▶ TASK INSTRUCTIONS
With pictures left out, output exactly the lines from the line holding "VW New Beetle - 2" through the end of the data, both included.

▶ RECORDS SUPPLIED
——

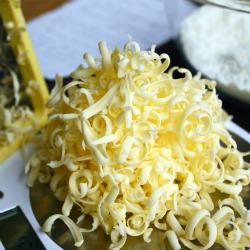 No-Roll Pie Crust - Recipe photo by linzersinlondon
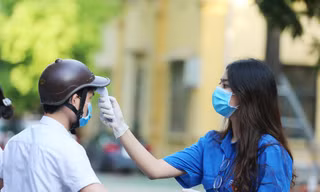Bác sĩ trẻ, sinh viên tình nguyện hăng hái “Tiếp sức” cho thí sinh cùng người nhà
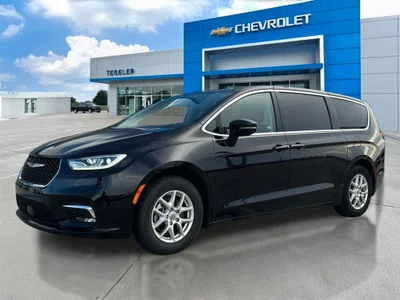 used 2024 CHRYSLER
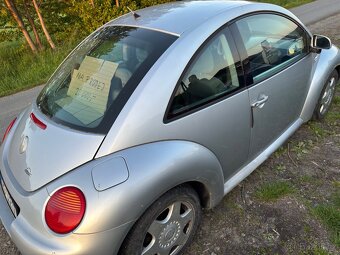 VW New Beetle - 2
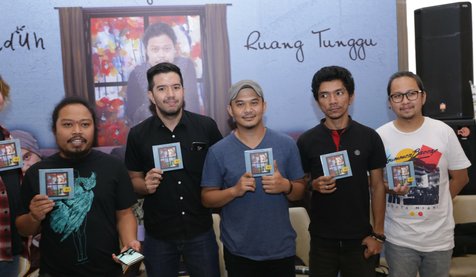 Is Payung Teduh cukup yakin album 'RUANG TUNGGU' bisa laris di pasaran © KapanLagi.com/Agus Apriyanto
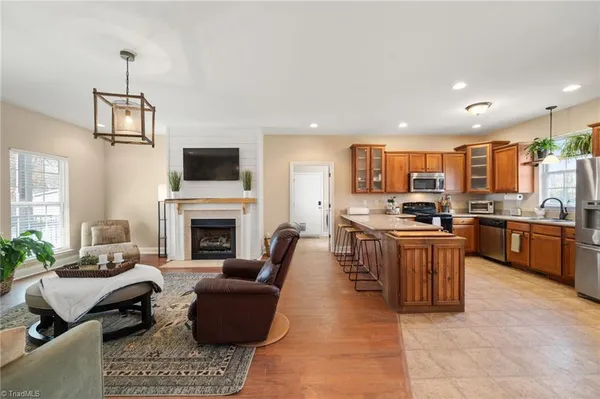 $400,000 | 6309 Us Highway, Summerfield, NC 27358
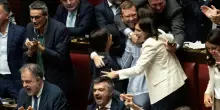 Governo battuto alla Camera sulla legge elettorale, le opposizioni esultano: le foto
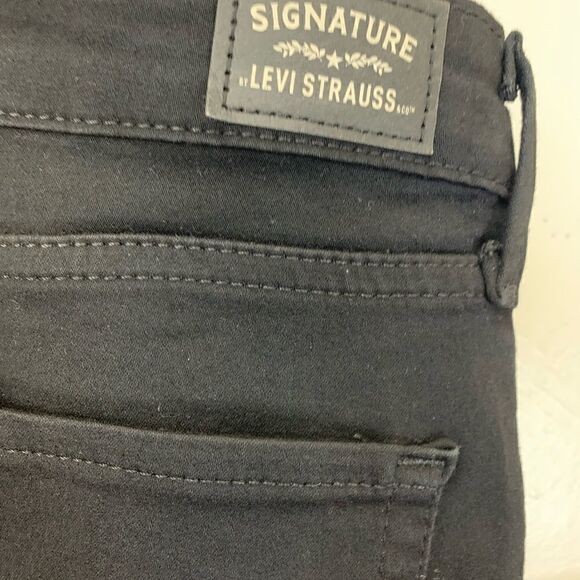 Levi Strauss mid rise skinny, black, size 6 - Picture 9 of 14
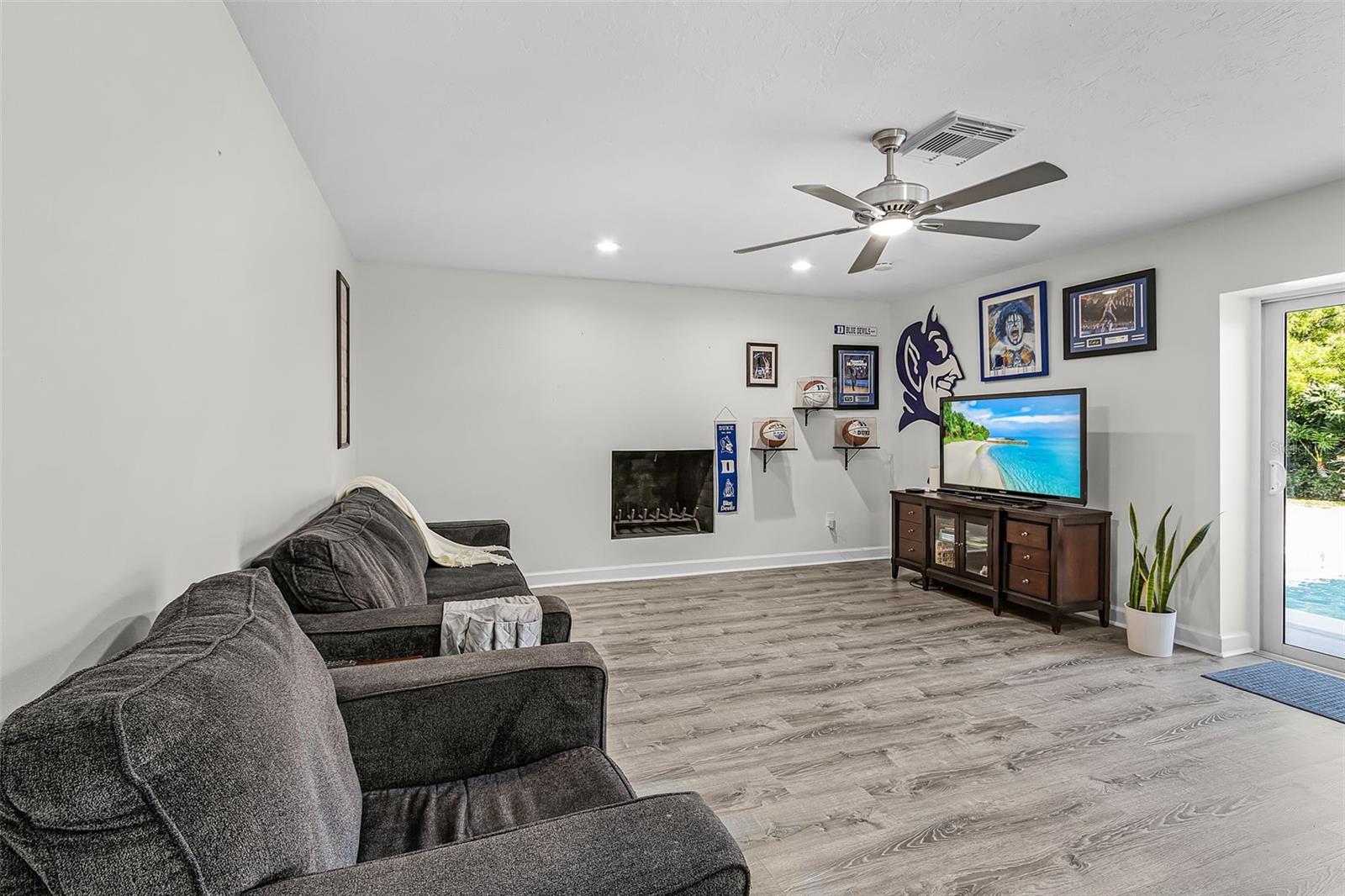 5479 CHABLIS LN, FORT MYERS, FL, 33919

——

▶ RESPONSE AREA
 VW New Beetle - 2
 Is Payung Teduh cukup yakin album 'RUANG TUNGGU' bisa laris di pasaran © KapanLagi.com/Agus Apriyanto
 $400,000 | 6309 Us Highway, Summerfield, NC 27358
 Governo battuto alla Camera sulla legge elettorale, le opposizioni esultano: le foto
 Levi Strauss mid rise skinny, black, size 6 - Picture 9 of 14
 5479 CHABLIS LN, FORT MYERS, FL, 33919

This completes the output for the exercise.